Editing an Early Draft of a Memoir, Biography or Family History
Here’s some questions to guide your review of an early draft of a scene, or any nonfiction writing. These questions will focus your attention on story flow and structure, rather than the picky details of grammar and sentence structure. Leave those for the penultimate draft and, for now, apply these questions to a piece you’re reading for someone else, or to your own writing:
• Are character traits revealed through their actions, thoughts and/or dialogue (rather than author “telling”)?
• Was there too much (or not enough) back story/explanation?
• What’s at stake for the character(s)?
• Is there tension? If so, how did the author create that?
• Is there narrative arc (action rises to a crescendo and concludes in a believable/inevitable way)?
• Has something changed—perhaps irrevocably? (“If nothing changes you do not have a scene.”)
• Did something important take place; perhaps with continuing ramifications? What might that be?
• Is this an opening scene?
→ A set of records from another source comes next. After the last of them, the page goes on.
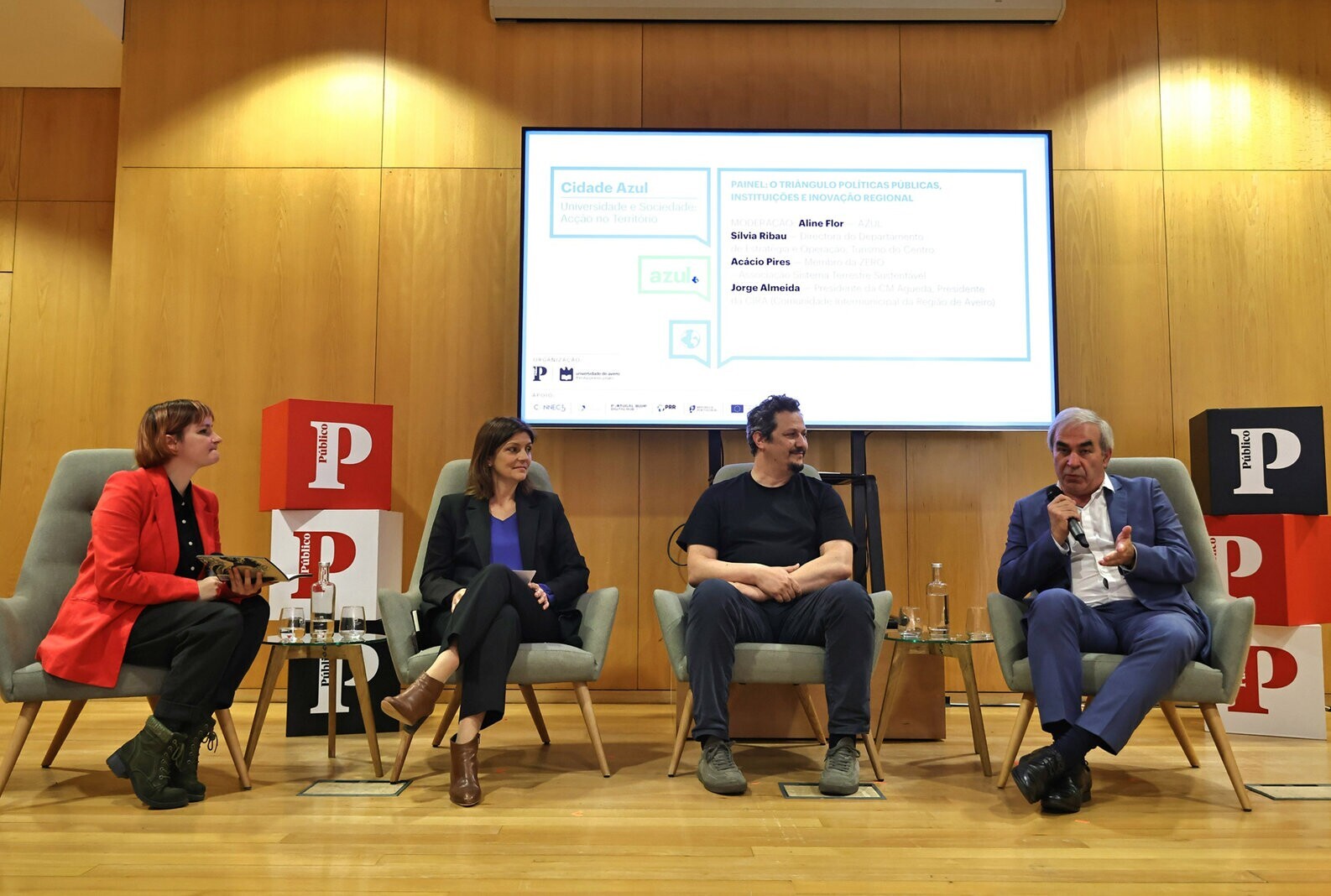 Painel de discussão com quatro participantes sentados em palco, com ecrã de apresentação ao fundo...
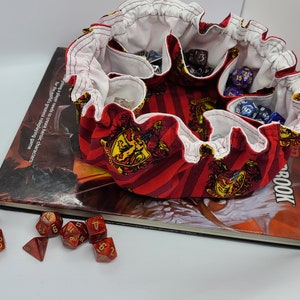 May include: Red and gold fabric dice bag with a Hogwarts house crest pattern. The bag is filled with various colored dice and is sitting on top of a book.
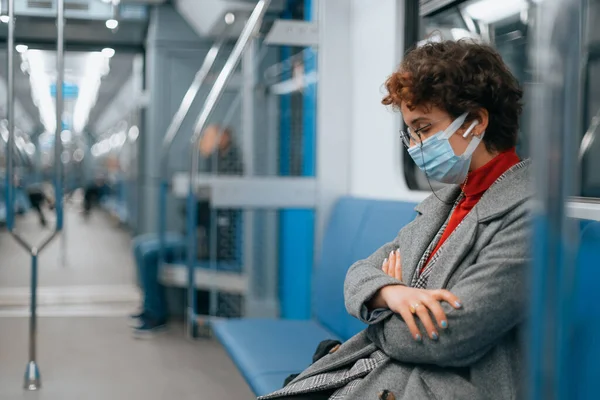 Mulher cansada em uma máscara protetora dorme em um carro de metrô vazio . — Fotografia de Stock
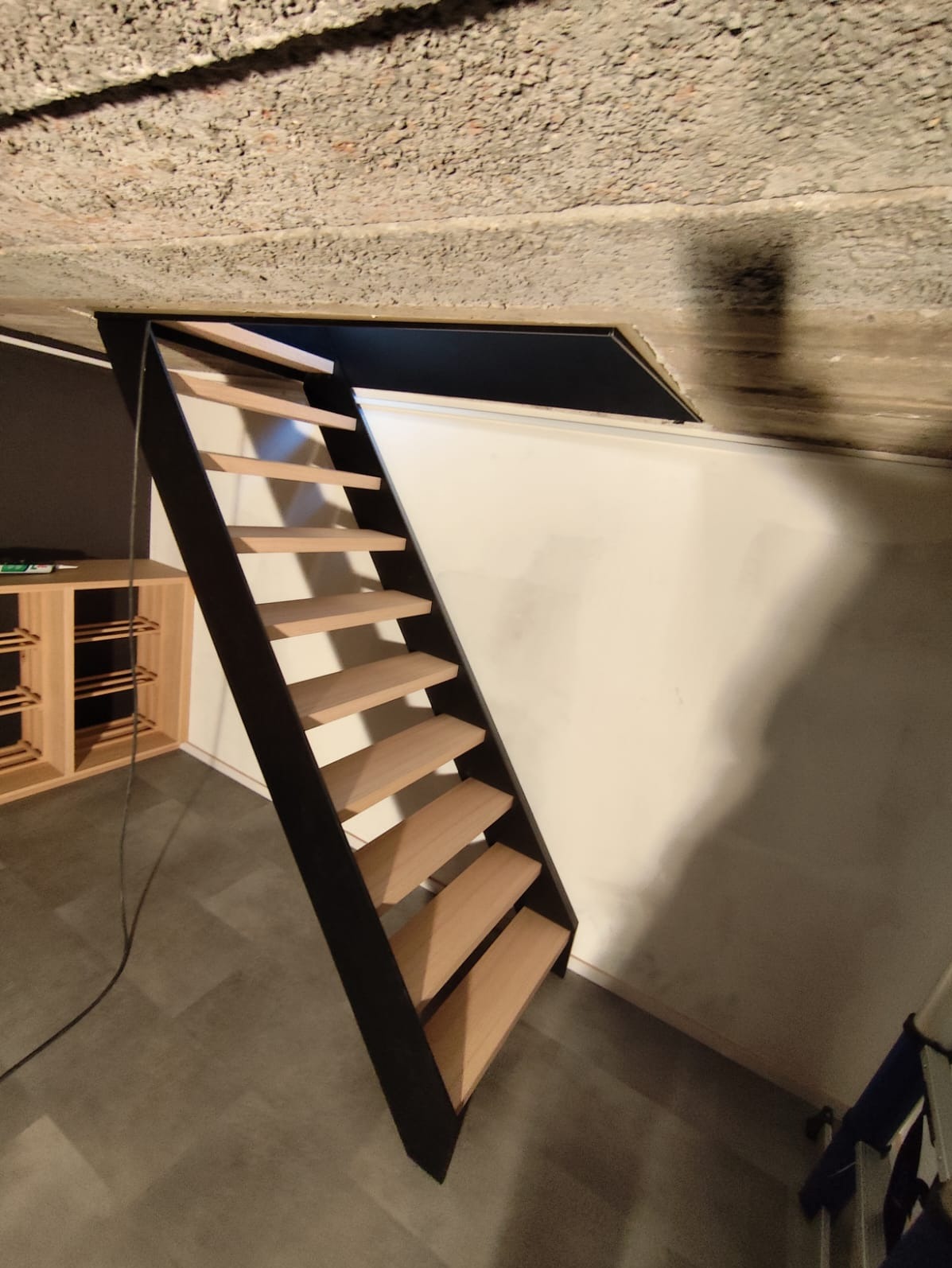 Nowoczesne schody drewniane z czarną metalową konstrukcją, prowadzące na poddasze, z widoczną surową fakturą betonowego stropu.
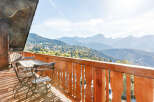 Enjoy breathtaking mountain views from this charming balcony.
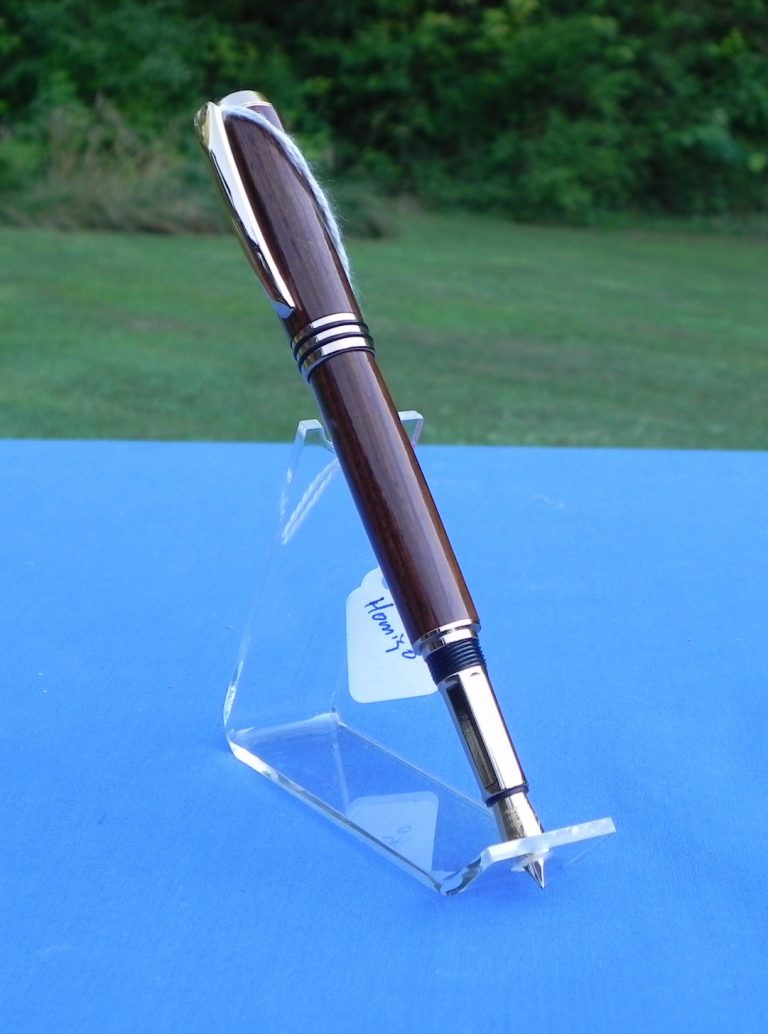 Fountain pen made with pheasant wood, uses refillable cartridges.
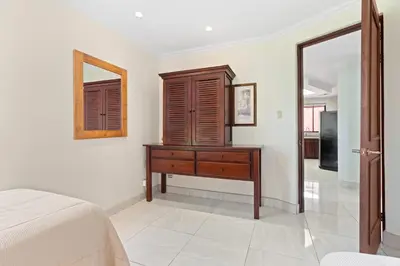 a bedroom with a bed and a dresser and a mirror at Recently Renovated Luxury Condo with Resort-Style Beach Club Access and Ocean Views in Playa Conchal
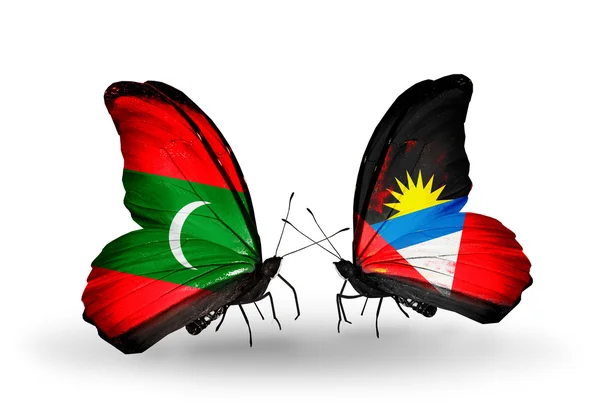 Butterflies with Maldives and Antigua and Barbuda flags — Stock Photo, Image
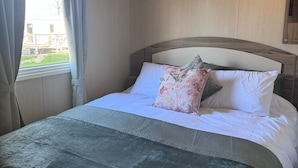 Cama bem arrumada com almofada florida e manta cinza, janela com cortinas e cabeceira de madeira.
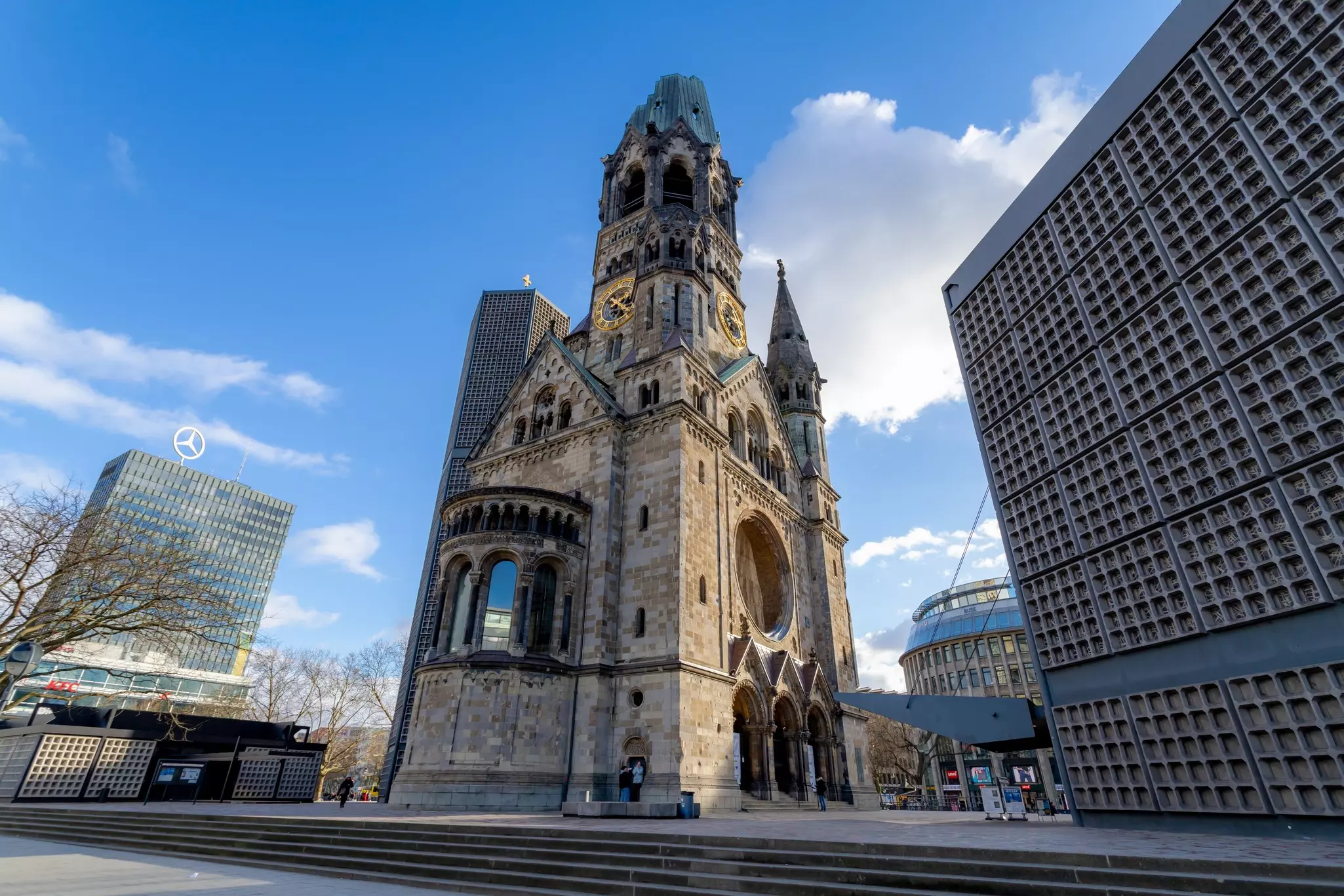 A large stone church with city buildings in the background on a sunny day.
If so, were characters, time and place established smoothly?
• Can you see the people and the place?
• If there’s dialogue, is it believable? Is it interspersed with action and gesture?
• Is the author showing, or is s/he telling? What’s the impact on you as a reader?
• Did the writer evoke senses effectively?
• Are there specific details? Did the author establish a vivid picture and fire your imagination?
• Did the scene leave you wanting more?
Writing That Makes Readers Think & Feel.
• Could the author use less words (or did you need/want more info)?
• Are there places where you’re unclear about what happened (maybe had to read it twice to get it)?
• Are there passages that are particularly vivid and alive? How did the author accomplish that?
• Are there adverbs (modified verbs, often ending in ly) that could be cut or converted to verbs?
• Does the author make good use of nouns and verbs?
• Are there repeated words, phrases or info/details?
• What delighted you? (Be specific).